Sunday, February 24th, 2008

Through network magic I know not much about, Pakistan has caused YouTube to be inaccessible from the majority of the world. It’s not just that they blocked access to YouTube from within their own country; they did it in a way that isn’t filtered by their upstream ISP, so it affects pretty much everyone else too. What happens now?

Well, this damage is going to be routed around pretty quickly, as Pakistan having the ability to knock off websites is an error that will shortly be corrected. I predict the fallout will be immense though. Censor sites and the world looks down upon you, but do it in a way that (temporarily) removes the rest of the world’s access, and you’re in another circle of hell.

Maybe Pakistan is about to find out what the true meaning of “Googlebomb” is.

Update 1: So after a little more edification, I think I have a better handle on what’s going on. First, read up on the AS7007 incident, because what’s going on now is essentially the same thing. The Border Gateway Protocol that the Internet uses to establish routes prioritizes specific routes over more general routes. A network in Pakistan set up a /24 route, which is about as specific as you can get (/25 and beyond are commonly filtered out), declaring that YouTube was located within their network. Since this was the most specific route, it propagated out across all the routers, and now most of the Internet thinks YouTube is located within that network in Pakistan. Of course, it’s not, and they’re simply dropping all of those packets as part of their censorship. There are two possibilities: a network admin in Pakistan messed up and accidentally implemented their censorship in a way that affected the whole world, or this was done maliciously. If the latter is the case, well, the Pakistanis may soon be discovering that they need the Internet more than the Internet needs them.

Update 2: As of around 16:00 EST, YouTube is back up and working. Either PCCW filtered the bad route or the Pakistanis stopped sending it.

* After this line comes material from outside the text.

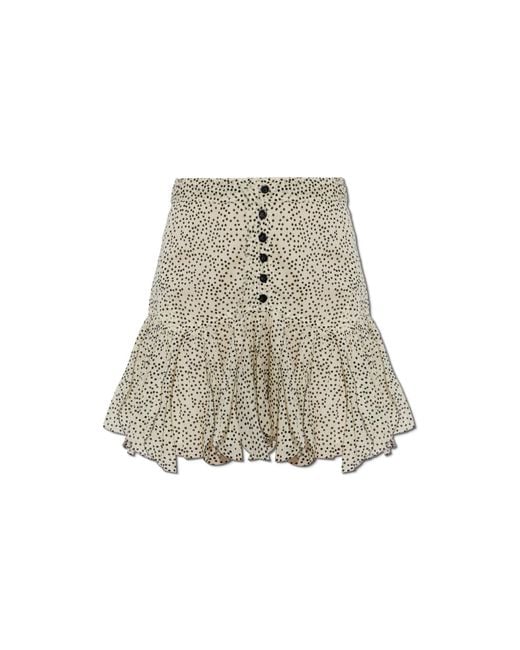Isabel Marant Natural Skirt 'Daneen'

And do check out Greg’s comments below; he’s the networking expert.

Update 3 (Feb 25): Here’s the best technical synopsis of what happened to YouTube yet.

Update 4: This animated visualization provides the clearest view of the hijacking yet. Watch all of the routes divert to Pakistan Telecom within a matter of minutes, and then two hours later, revert just as quickly back to YouTube.

Update 5: Hey look, MSNBC has picked up the story! I wouldn’t have guessed that this would make mainstream media. Or that they would get the technical details right. But it looks like they talked to the knowledgeable folks at Renesys, who I linked to in Update 3.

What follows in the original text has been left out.